On Fri, Oct 30, 2020 at 10:49 AM Toshiaki Makita
<[email protected]> wrote:
>
> Hi all,
>
> It's about 3 months since I submitted this patch set.
> Could someone review this?
> Or should I resubmit the patch set on the top of current master?
Since the patches don't apply cleanly, I think you can rebase and
repost them and/or provide the
ovs commit id on top of which these patches apply cleanly.
Thanks
Numan
>
> Thanks,
> Toshiaki Makita
>
> On 2020/08/15 10:54, Toshiaki Makita wrote:
> > Ping.
> > Any feedback is welcome.
> >
> > Thanks,
> > Toshiaki Makita
> >
> > On 2020/07/31 11:55, Toshiaki Makita wrote:
> >> This patch adds an XDP-based flow cache using the OVS netdev-offload
> >> flow API provider. When an OVS device with XDP offload enabled,
> >> packets first are processed in the XDP flow cache (with parse, and
> >> table lookup implemented in eBPF) and if hits, the action processing
> >> are also done in the context of XDP, which has the minimum overhead.
> >>
> >> This provider is based on top of William's recently posted patch for
> >> custom XDP load. When a custom XDP is loaded, the provider detects if
> >> the program supports classifier, and if supported it starts offloading
> >> flows to the XDP program.
> >>
> >> The patches are derived from xdp_flow[1], which is a mechanism similar to
> >> this but implemented in kernel.
> >>
> >>
> >> * Motivation
> >>
> >> While userspace datapath using netdev-afxdp or netdev-dpdk shows good
> >> performance, there are use cases where packets better to be processed in
> >> kernel, for example, TCP/IP connections, or container to container
> >> connections. Current solution is to use tap device or af_packet with
> >> extra kernel-to/from-userspace overhead. But with XDP, a better solution
> >> is to steer packets earlier in the XDP program, and decides to send to
> >> userspace datapath or stay in kernel.
> >>
> >> One problem with current netdev-afxdp is that it forwards all packets to
> >> userspace, The first patch from William (netdev-afxdp: Enable loading XDP
> >> program.) only provides the interface to load XDP program, howerver users
> >> usually don't know how to write their own XDP program.
> >>
> >> XDP also supports HW-offload so it may be possible to offload flows to
> >> HW through this provider in the future, although not currently.

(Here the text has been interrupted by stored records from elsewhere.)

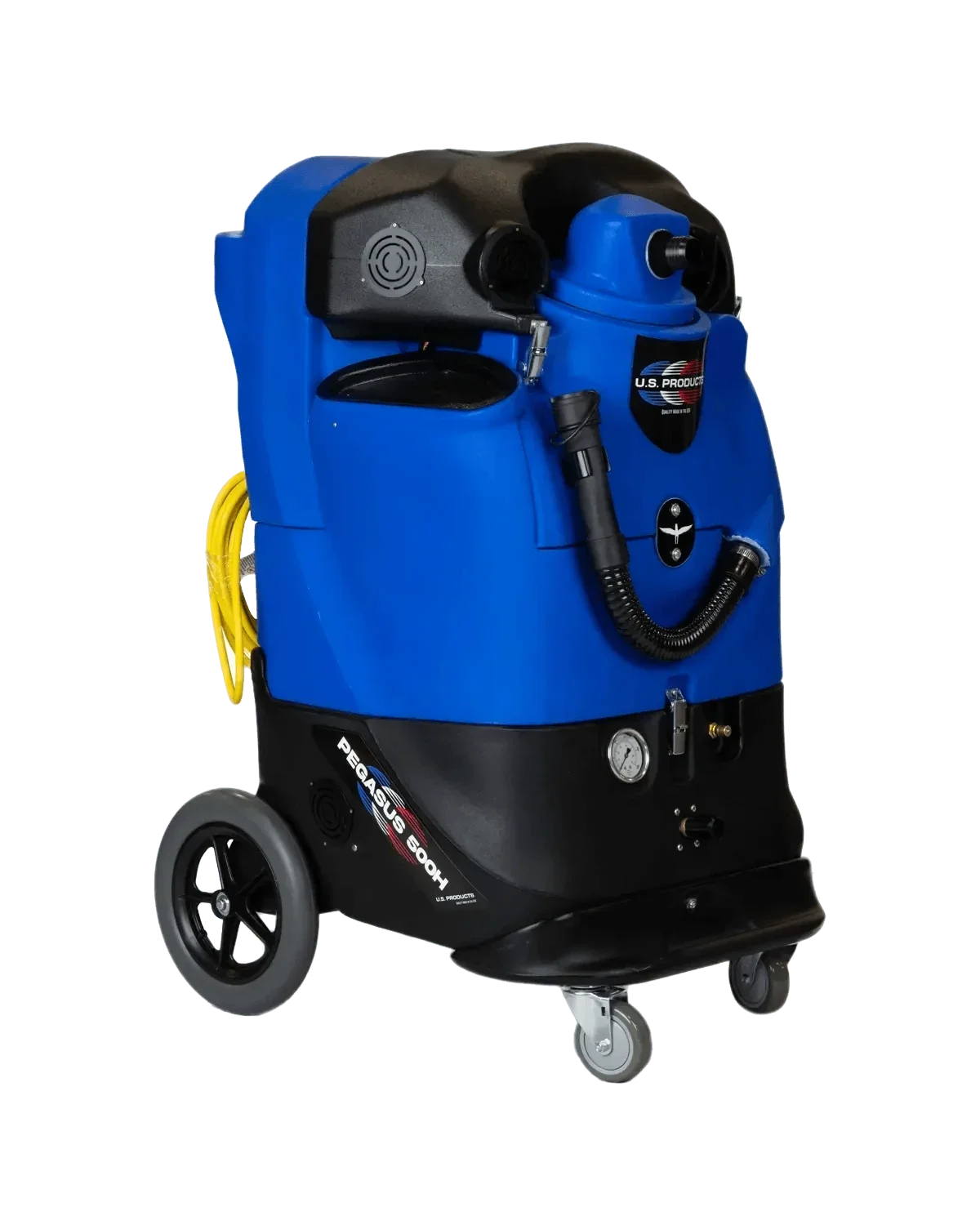 U.S. Products Pegasus 500H (05-10037-001) Only Dual Cord Heated Carpet Extractor  12 Gallon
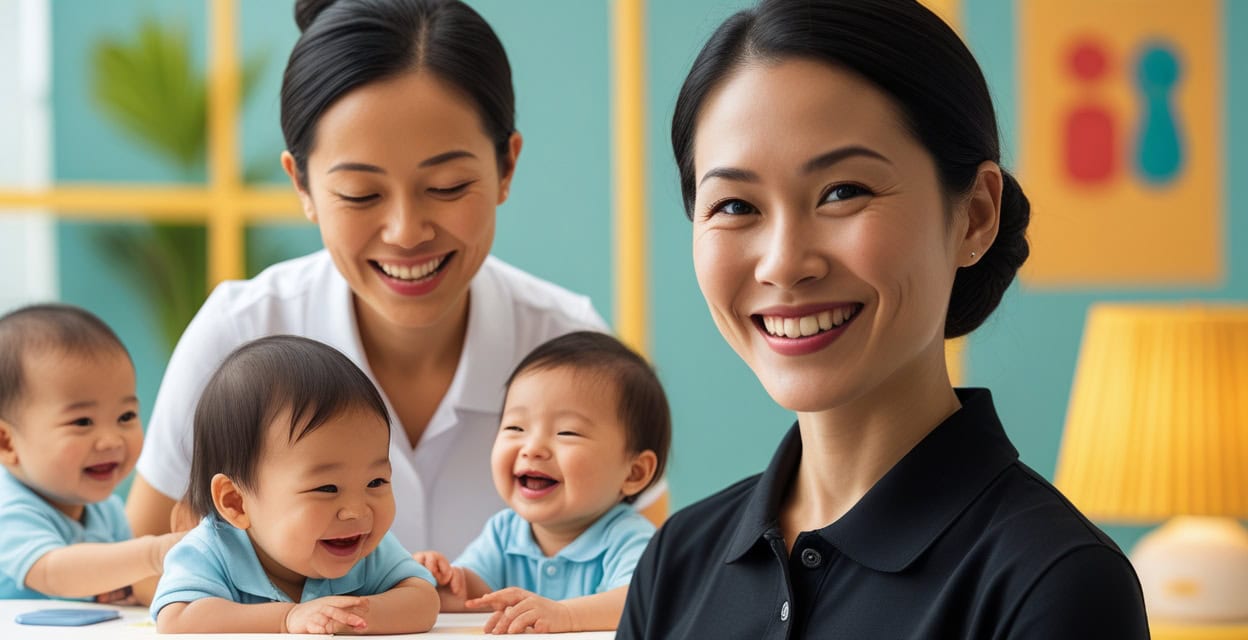 The Childminder’s Calling: Care, Connection, and Culture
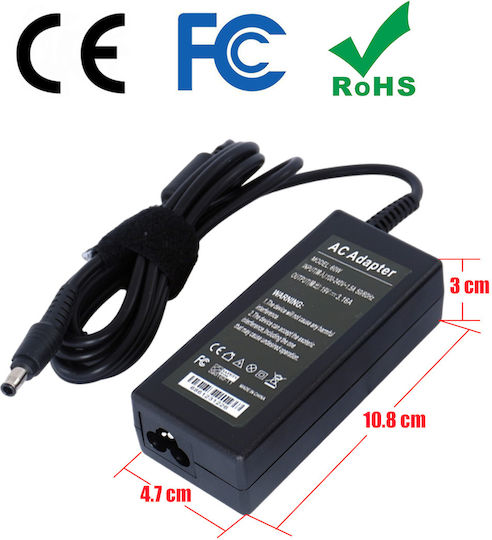 Laptop Power Supply AC Adapter Charger Samsung Ad-4019 Ad-6019 Ad-6019a Ad-6019v Ad-6519 Adp-60zh Adp60zh A 0335a1960 0335c1960 152884 6500739 Ba44-00243a I19a Sfb-acu90whp_48329 Spa-830e N102 N230 Nc10 Np-nc10 OEM High Quality Code 60002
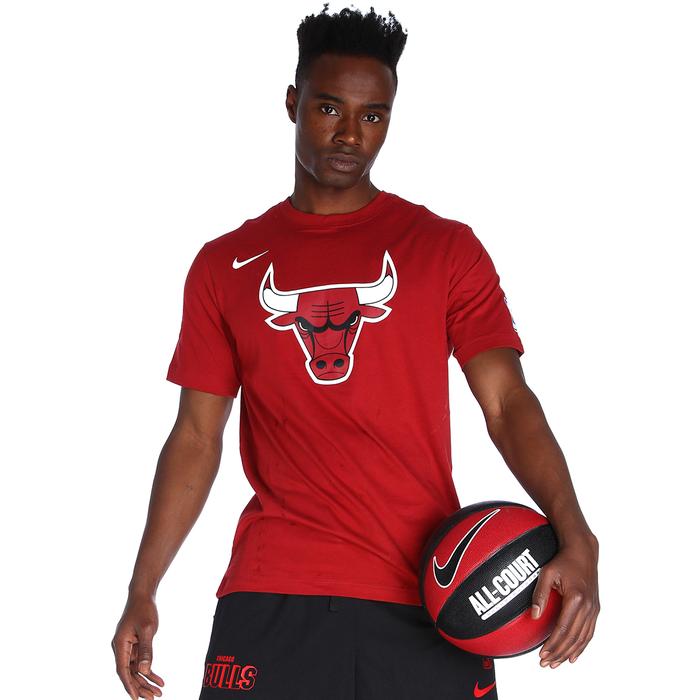 Nike Chicago Bulls NBA Erkek Kırmızı Basketbol Tişört DV6911-698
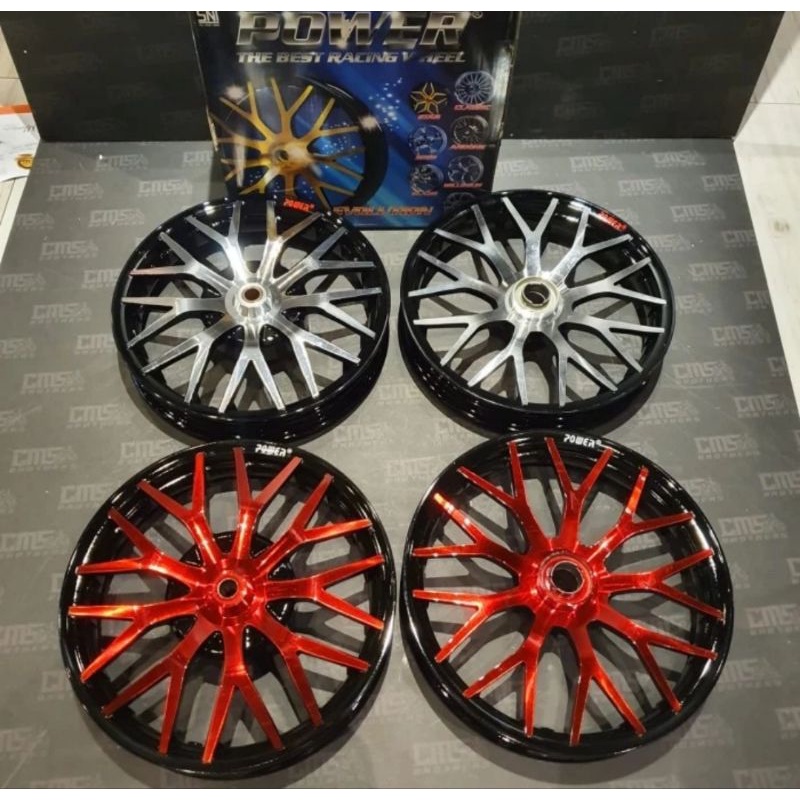 Pelek veleg velek velg power mio 125 m3 type evolution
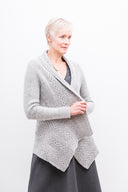 Intersect Cardigan | Knitting Pattern by Norah Gaughan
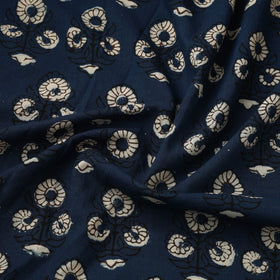 Natural dyed cotton hand pipad fabric 07 - handcrafted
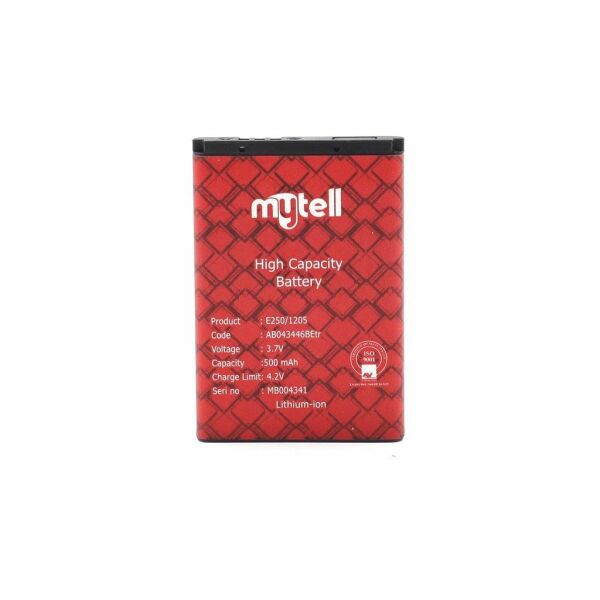 Mytell E250 ile Uyumlu AB043446BE MBT-01 Batarya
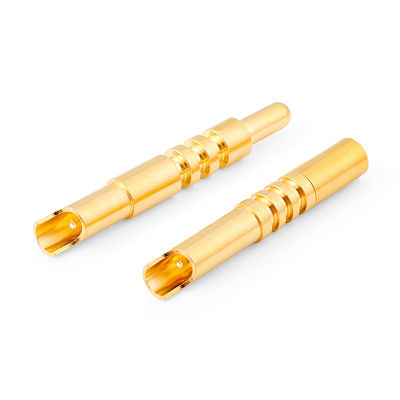 High Current 3A 5A 10A Solder Cup Spring Pogo Pin Customized Test Probe For Soldering Needs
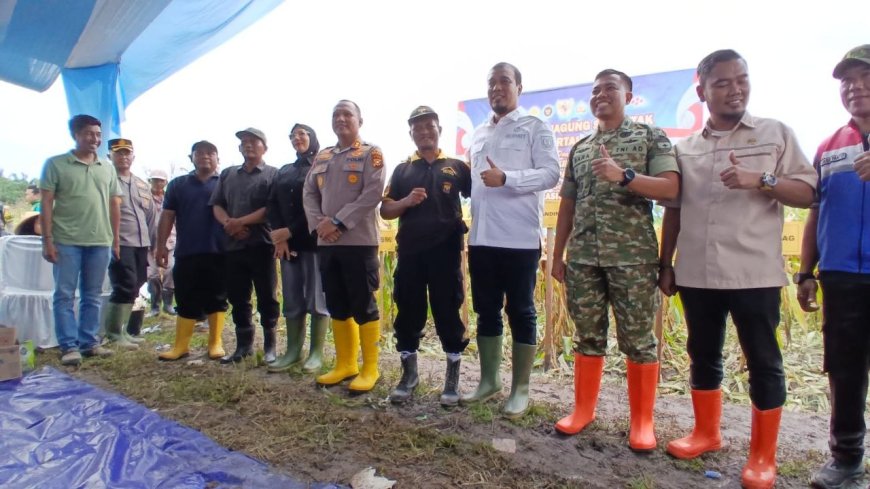 Senkom INHU  Komitmen Dukung Ketahanan Pangan Nasional Terus Digaungkan Di Kabupaten Indragiri Hulu.
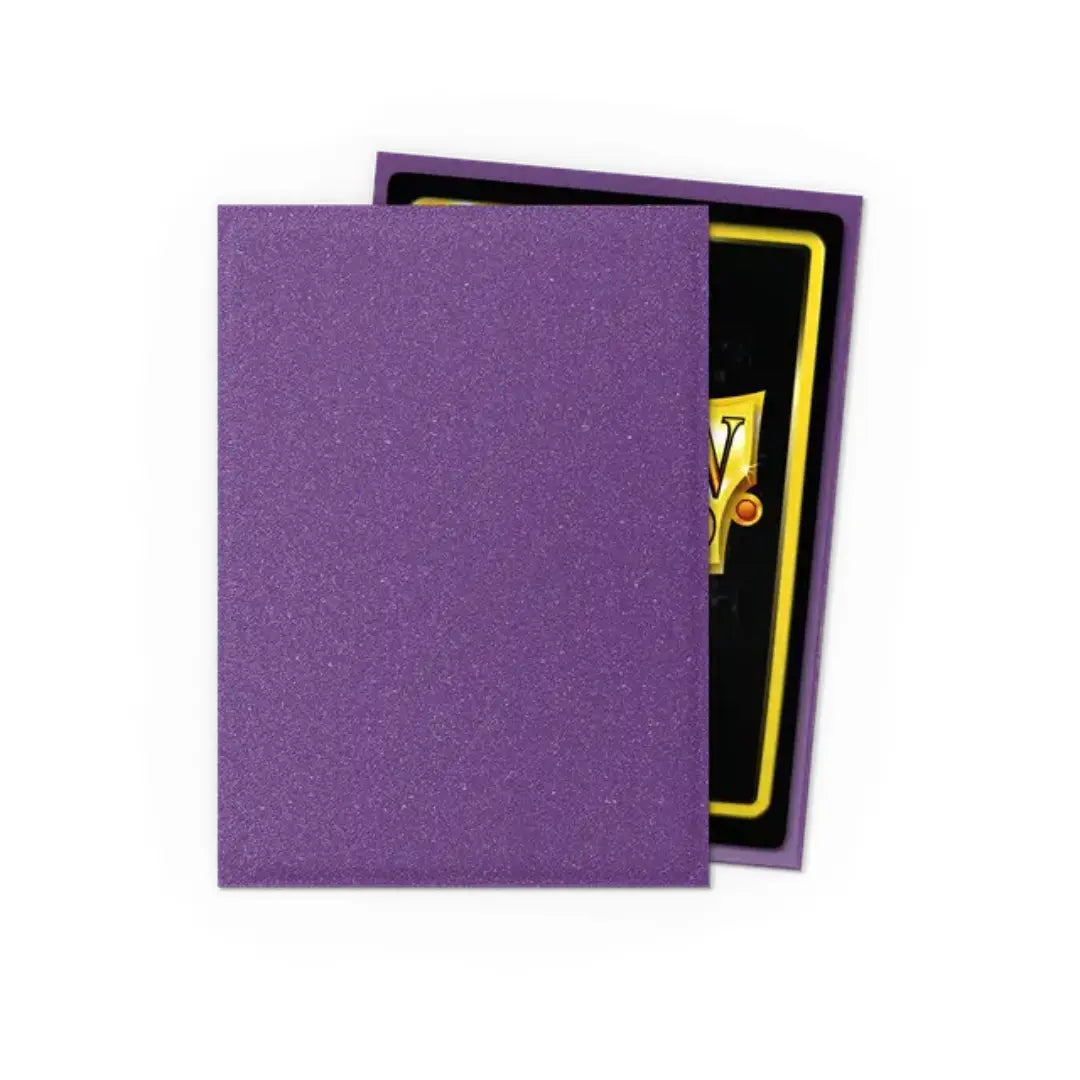 Dragon Shield - Amethyst - Matte Sleeves - Standard Size Moonveil Games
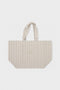 Sand / Pure white stripe (SS26)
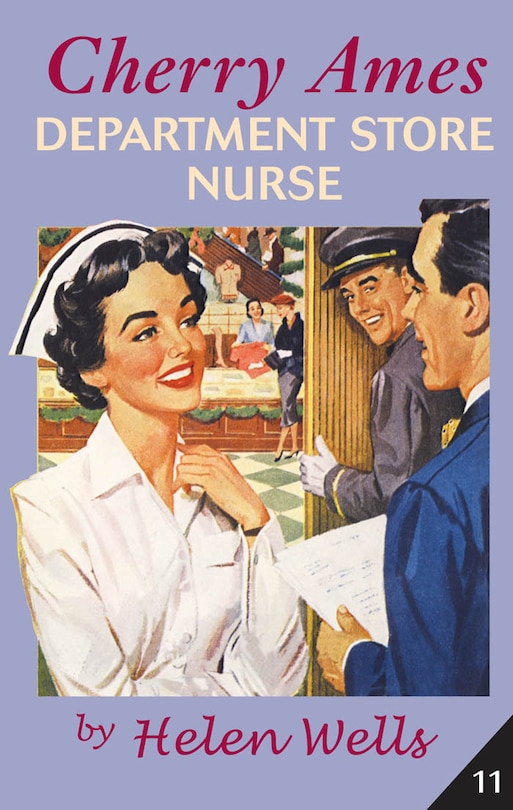 Couverture_Cherry Ames, Department Store Nurse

> >> The reason is that map-in-map is required for our program to support
> >> classifier with subtables in XDP, but map-in-map is not offloadable.
> >> If map-in-map becomes offloadable, HW-offload of our program may also
> >> be possible.
> >>
> >>
> >> * How to use
> >>
> >> 1. Install clang/llvm >= 9, libbpf >= 0.0.6 (included in kernel 5.5), and
> >> kernel >= 5.3.
> >>
> >> 2. make with --enable-afxdp --enable-xdp-offload
> >> --enable-bpf will generate XDP program "bpf/flowtable_afxdp.o". Note that
> >> the BPF object will not be installed anywhere by "make install" at this
> >> point.
> >>
> >> 3. Load custom XDP program
> >> E.g.
> >> $ ovs-vsctl add-port ovsbr0 veth0 -- set int veth0 options:xdp-mode=native
> >> \
> >> options:xdp-obj="/path/to/ovs/bpf/flowtable_afxdp.o"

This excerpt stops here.